四季の絵本手帖『アンディとらいおん』

アンディとらいおん (世界傑作絵本シリーズ)

アンディとらいおん (世界傑作絵本シリーズ)

 図書館でライオンの本を借りてからというもの、アンディは食事の最中でさえライオンの本に読みふけっています。何かに熱中するときほど、満足感の味わえるときはありません。子どもにもその気持ちが伝わるのでしょう。まわりには見向きもせずアンディが本に没頭する姿は、子どもにすらライオンに興味を抱かせてしまうほどです。

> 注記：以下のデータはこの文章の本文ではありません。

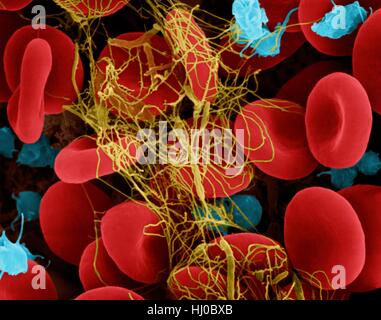Human red blood cells activated platelets trapped in fibrin blood clot,composite coloured scanning electron micrograph (SEM).Platelets in blood are small oval disks are termed nonactivated platelets or thrombocytes.Platelets serve as body's first line of defence to prevent excessive blood loss.When Stock Photo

 それほどライオンが好きだったからでしょうか、アンディは次の日、学校に向かう途中で本物のライオンに遭遇します。そういえばお父さんの読んでいた新聞にサーカスからライオンが逃げ出した記事が載っていましたが、アンディにはそんなことを知るよしもありません。アンディもライオンもお互い大慌てで逃げ出そうとしましたが、実はライオンにはサーカスを抜け出してきた理由がありました。副題は「しんせつを わすれなかった おはなし」とあり、その後の心の通った交流は、ライオンに抱かれているような安らぎとともに描かれます。こんなに大きな友だちがいたら、本当にすてきです。

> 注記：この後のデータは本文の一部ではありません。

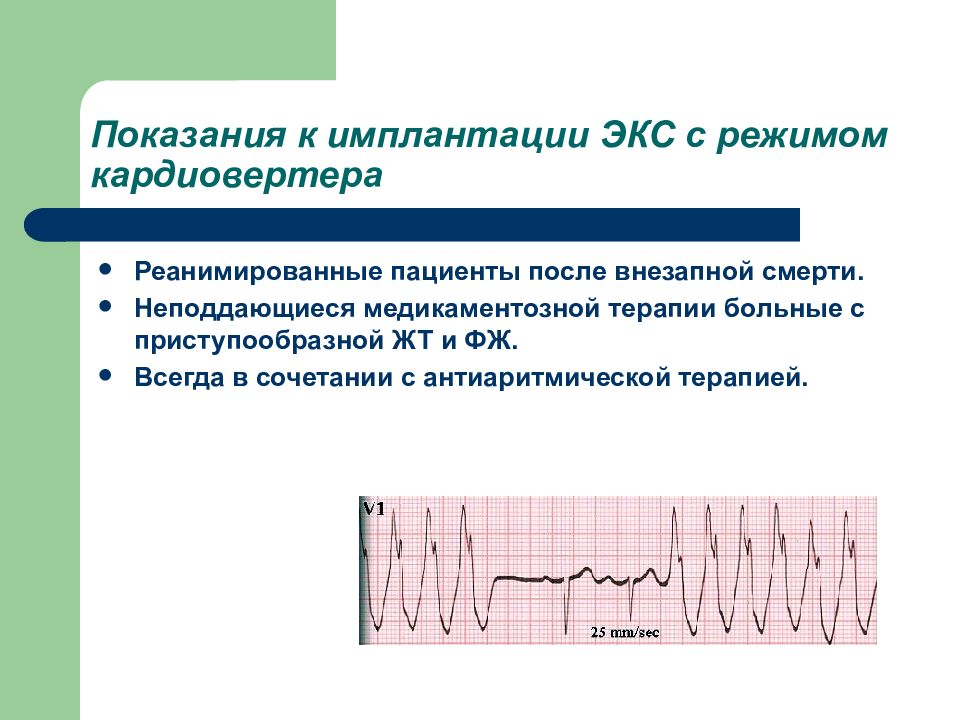 Экс пр. Показания к имплантации экс. Показания к имплантации искусственного водителя ритма. Показания для имплантации электрокардиостимулятора. Нарушение атриовентрикулярной проводимости.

 アンディの生活、家族とのやりとりには少年らしい無垢なしぐさが表れ、時代性の感じられる古い絵本であるにも関わらず永遠の少年像を示します。冒頭と帰結の図書館に向かうアンディの後ろ姿が、お話の奥行きをぐんと広くしています。ライオンの存在は子どもにとり、憧れとなることでしょう。(asukab)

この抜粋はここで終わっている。